**Exercise instructions**. Give again, word for word, only the lines of the material below from its first line through the one that holds "DOOM RPG II"; pictures stay out.

*** Dataset excerpts Section Begins ***

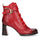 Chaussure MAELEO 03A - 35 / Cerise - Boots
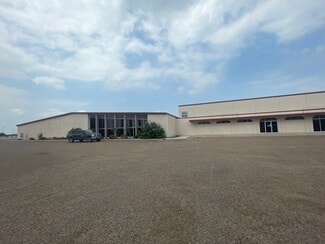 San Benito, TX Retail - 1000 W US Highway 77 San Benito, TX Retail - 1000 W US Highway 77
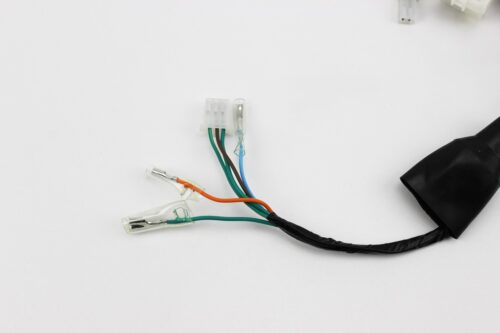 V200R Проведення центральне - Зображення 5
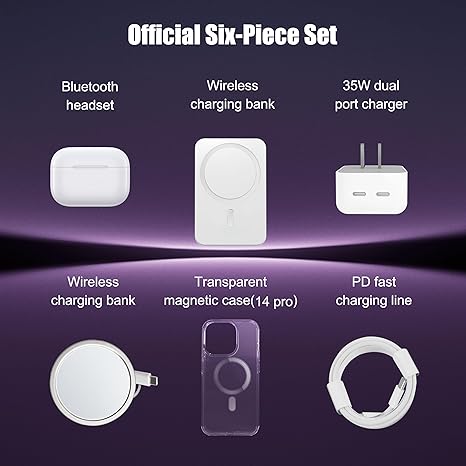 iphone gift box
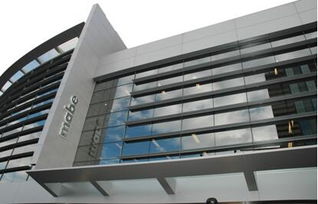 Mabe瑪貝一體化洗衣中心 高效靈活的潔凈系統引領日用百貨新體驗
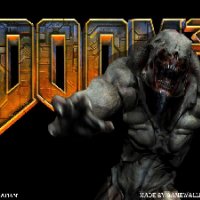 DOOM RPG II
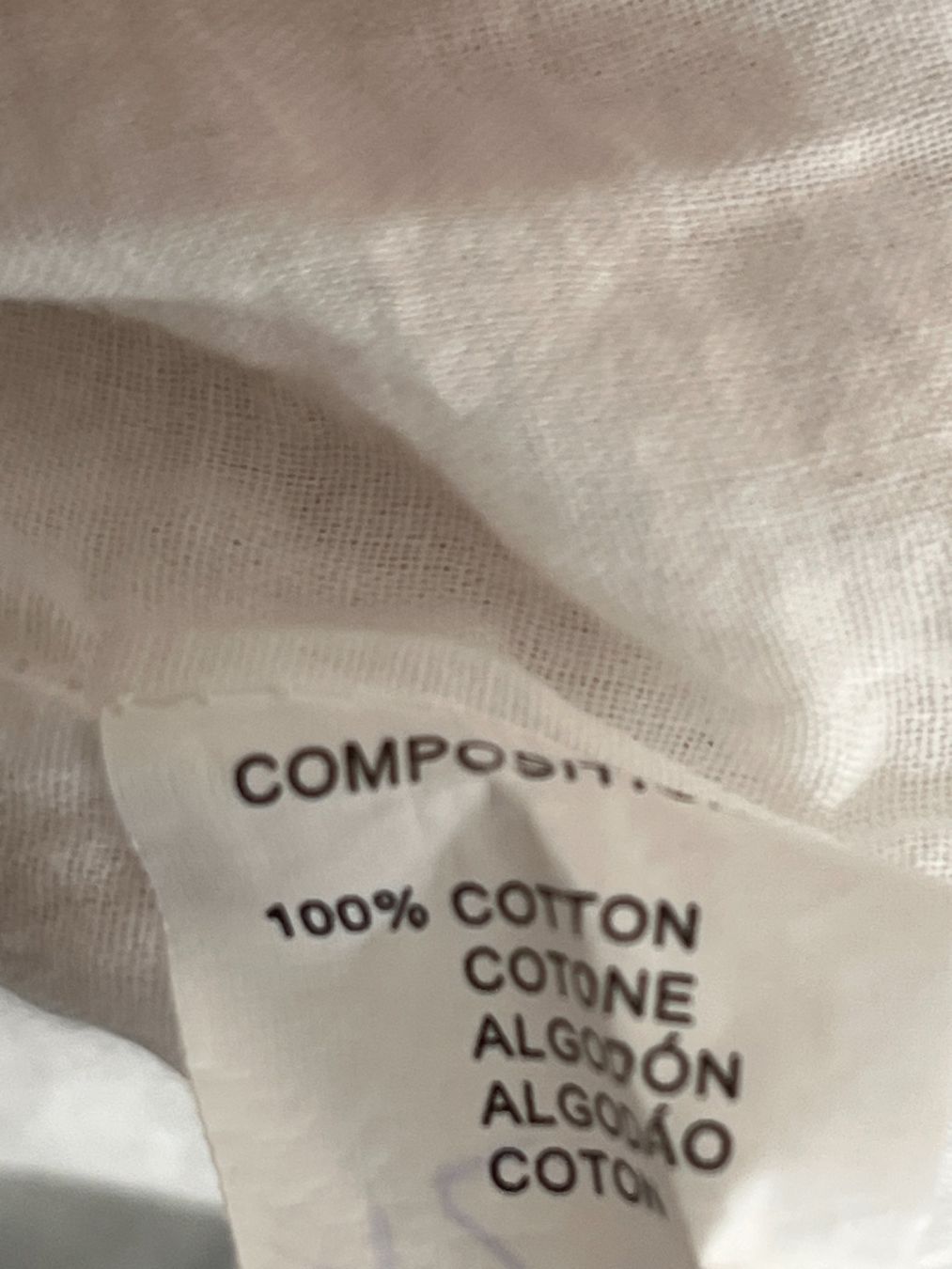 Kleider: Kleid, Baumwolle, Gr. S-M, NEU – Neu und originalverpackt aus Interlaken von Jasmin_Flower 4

*** Dataset excerpts Section Ends ***

**Answer to this exercise**.
 Chaussure MAELEO 03A - 35 / Cerise - Boots
 San Benito, TX Retail - 1000 W US Highway 77 San Benito, TX Retail - 1000 W US Highway 77
 V200R Проведення центральне - Зображення 5
 iphone gift box
 Mabe瑪貝一體化洗衣中心 高效靈活的潔凈系統引領日用百貨新體驗
 DOOM RPG II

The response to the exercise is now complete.